Look at the data below and print exactly the lines from its first line through the line with "So this is all"; the pictures stay out of the copy.

-- Source data --
* * * * * * * * *

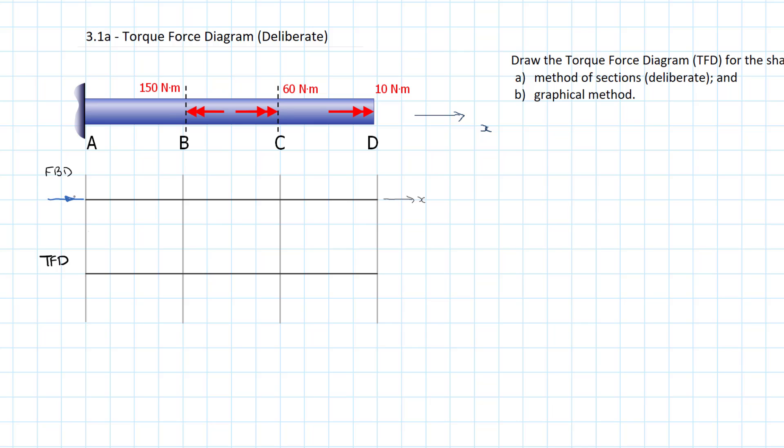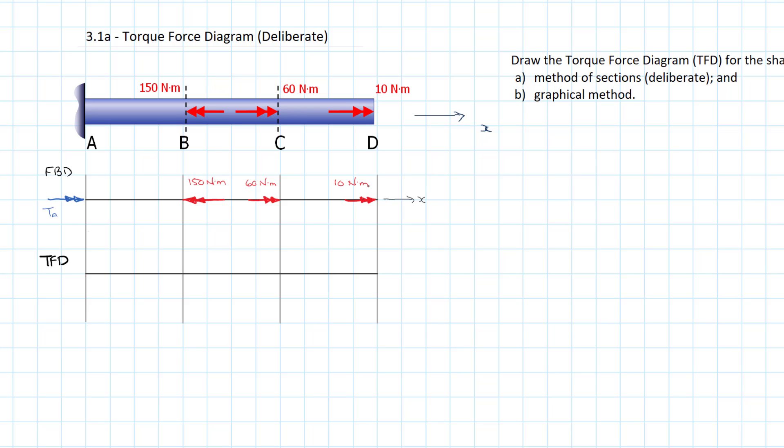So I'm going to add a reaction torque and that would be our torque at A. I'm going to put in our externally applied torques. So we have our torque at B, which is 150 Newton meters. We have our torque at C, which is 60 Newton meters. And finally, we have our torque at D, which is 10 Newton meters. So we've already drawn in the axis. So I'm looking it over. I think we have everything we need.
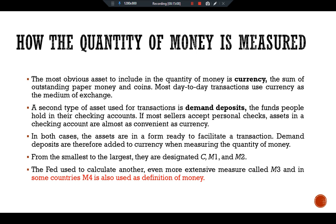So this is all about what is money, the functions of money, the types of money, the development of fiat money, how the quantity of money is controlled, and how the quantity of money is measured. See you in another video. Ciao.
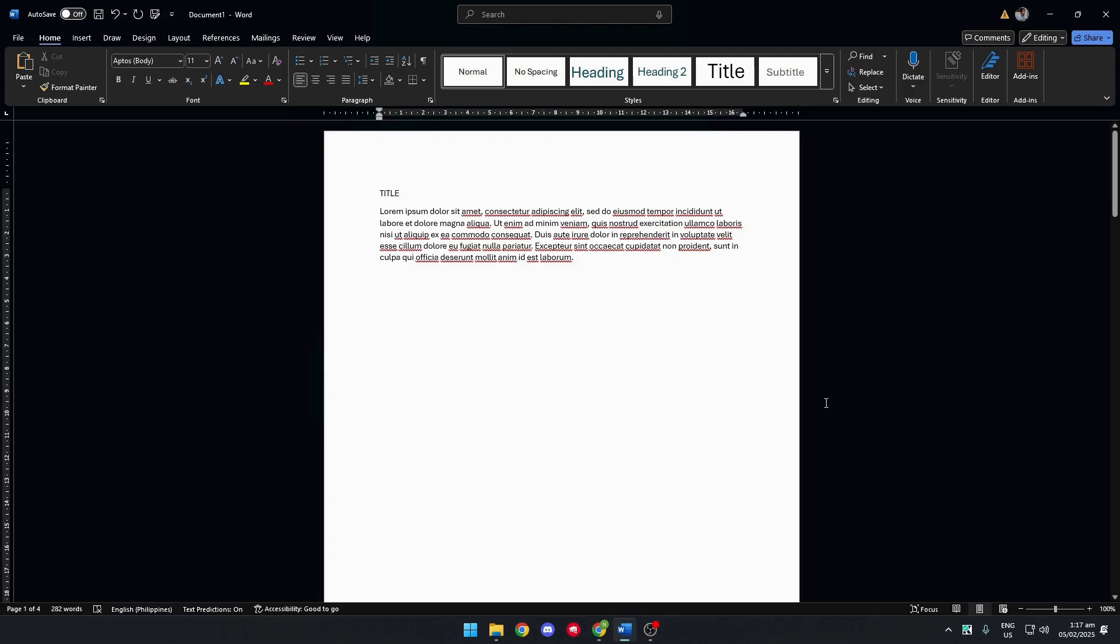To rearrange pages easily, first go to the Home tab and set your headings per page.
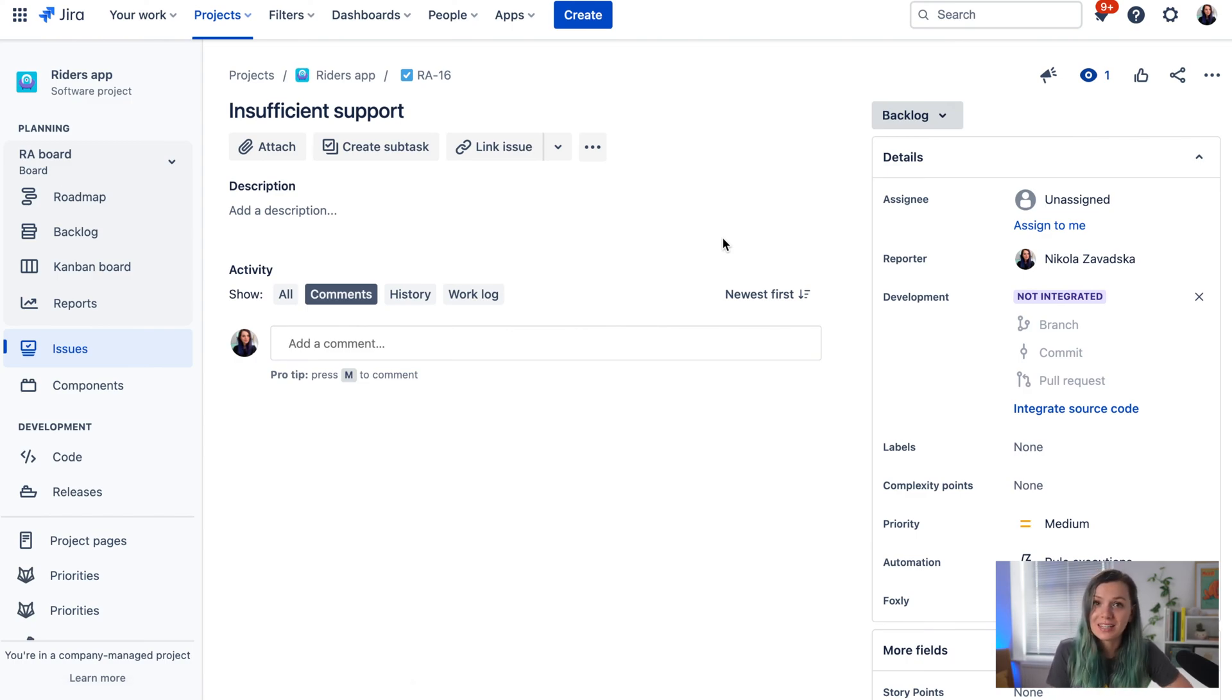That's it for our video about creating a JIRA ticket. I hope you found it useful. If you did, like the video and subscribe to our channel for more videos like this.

* * * * * * * * *

-- Completed task --
So I'm going to add a reaction torque and that would be our torque at A. I'm going to put in our externally applied torques. So we have our torque at B, which is 150 Newton meters. We have our torque at C, which is 60 Newton meters. And finally, we have our torque at D, which is 10 Newton meters. So we've already drawn in the axis. So I'm looking it over. I think we have everything we need.
So this is all about what is money, the functions of money, the types of money, the development of fiat money, how the quantity of money is controlled, and how the quantity of money is measured. See you in another video. Ciao.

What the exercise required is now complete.